Besides his academic career in NTHU, Prof. Gwo served as the Director of National Synchrotron Radiation Research Center (NSRRC) in Hsinchu Science Park, Taiwan from 2014 to 2018. And, from 2019 to 2022, he served as the Director of Research Center for Applied Sciences (RCAS) in Academia Sinica, Nankang, Taiwan. Prof. Gwo's research interests include material physics (semiconductors, metals, and superconductors), nanophotonics, plasmonics, and surface/interface science. Most recently, his research group works extensively on linear and nonlinear plasmonic metasurfaces, two-dimensional materials, plasmonic nanolasers, surface-enhanced Raman spectroscopy, and nitride nanostructure-based light-emitting and detection devices. Prof. Gwo is an elected fellow of the American Physical Society (APS) and the Physical Society of Taiwan.

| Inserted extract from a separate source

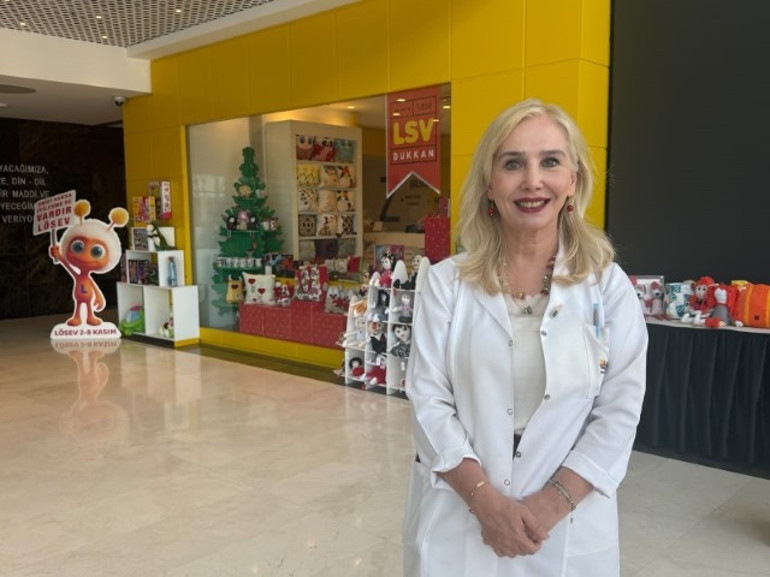 Ayşe hemşire, ağabeyinden yapılan nakille hayata tutundu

Epitaxy is a type of crystal growth method, in which crystalline layers are formed with well-defined orientations with respect to the dissimilar crystalline structures of substrates (i.e., wafers). In photonic and optoelectronic device applications for light emitting and detection, such as light-emitting diodes, lasers, and single-photon emitters, semiconductor heterostructures (quantum wells, nanorods, and quantum dots) formed by epitaxy have been widely deployed as the main device building blocks. In comparison, metal and superconductor nanostructures used for plasmonic and superconducting device applications are typically made from less-demanding material deposition methods. Recently, we have found dramatically different material properties and device performance obtained by using crystalline metal and superconductor films grown by molecular-beam epitaxy (MBE) under ultrahigh vacuum conditions. Especially, I will highlight the recent results of superconducting nanowire single-photon detectors (SNSPDs) based on the MBE-grown transition-metal nitride films (ultrathin single-crystalline NbN and NbTiN layers). Due to their exceptional detection performance (quantum-limited sensitivity, high efficiency, low dark count, high temporal resolution) and wafer-scale device uniformity, epitaxy-enabled SNSPD arrays will play a key role for future photonic quantum computing and quantum communication applications.